# Supervised Learning - Linar Models

Linear Models:
1. Building blocks for neural networks
2. Supervised Learning:
    - Labelled set of examples
    - Ground truth for the given example
    - Goal: Try to learn the function which better fits the data

## Concepts
1. $x_i$ = the given example
2. $y_i$ = the corresponding label/target value
3. $x_i = (x_{i1}, ... x_{id})$ = the features to learn from
4. $X = ((x_1, y_1), ..., (x_l, y_l))$ = the training set with $l$ examples
5. $a(x)$ = the model or the hypothesis

### Goal

$x -> a(x) -> y^{pred}$, where $a(x)$ can be a **regression** or a **classification** model.

For a 1-class model: $y = w_1x + b$.

For a multi-class model: $y = b + w_1x_1 + w_2x_2 + ... + w_dx_d$, where

- $w_d$ are the model coefficients
- $b$ is the bias term
- $d+1$ is the number of parameters for the models (so number of features + bias term)

In the vector notation the model can be described as: $a(x) = w^Tx$. And in the matrix notation: $a(X) = Xw$.

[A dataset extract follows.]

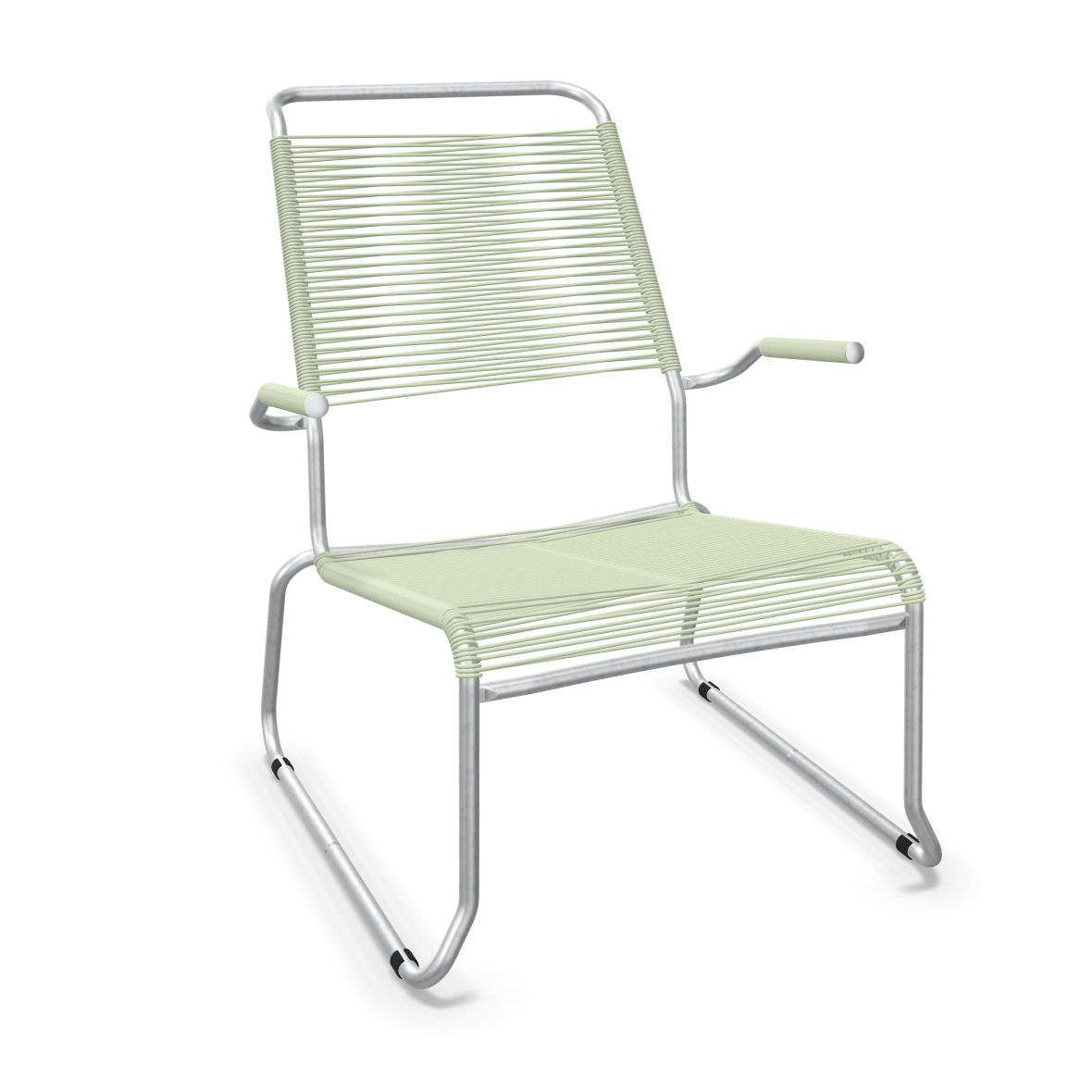 Schaffner Kufen Säntis Spaghetti Lounge Chair High Back – with armrest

## Quality measure: Loss functions

To measure the quality of a model, we need to measure how far the prediction goes from the real target value. To do this, loss functions are used.

### Loss functions

#### Mean Squared Error (MSE) Loss

$L(w) =\frac{1}{l}\sum_{i=1}^{l} (w^Tx_i - y_i)^2$

The goal is then to **minimize** the loss: $min(L(w))$

# Linear model classification

## 1. Binary classification

- $y \in \{-1,1\})$
- $a(x) = sign(w^Tx)$

Number of parameters: $d$, $(w \in R^d)$

## 2. Multi-class Classification

- $y \in \{1,.., k\})$, with $k$ as the number of classes
- $a(x) = \argmax w^T_kx

Number of parameters: $d$, $(w \in R^d)$

## Loss computation

### Accuracy Loss

- Ratio of how we correctly classified points

$L(w) =\frac{1}{l}\sum_{i=1}^{l} a(x_i) = y_i$


### Squared Loss

- Consider $x_i$ such that $y_i = 1$

$L(w) =\frac{1}{l}\sum_{i=1}^{l} (w^Tx_i -1)^2$

- P is 1, if p is true
- p is 0, if p is false



# Logistic regression

- Class scores (**logits**) from a linear model
- How it works:
    - $z = (w_1^Tx, ..., w_k^Tx)$, as scalar scores for each class
    - Apply $e$ to each score: $(e^{z_1}, ...,e^{z_k})$
    - Apply Sigmoid on the elements of this vector and normalize (**Softmax transform**): $\sigma(z) = (\frac{e^{z_1}}{\sum_{k=1}^{K} e^{z_k}}\frac{e^{z_k}}{\sum_{k=1}^{K} e^^{z_k}}, ... ,\frac{e^{z_k}}{\sum_{k=1}^{K} e^{z_k}})$
       - The softmax transform delivers a probability distribution over all classes!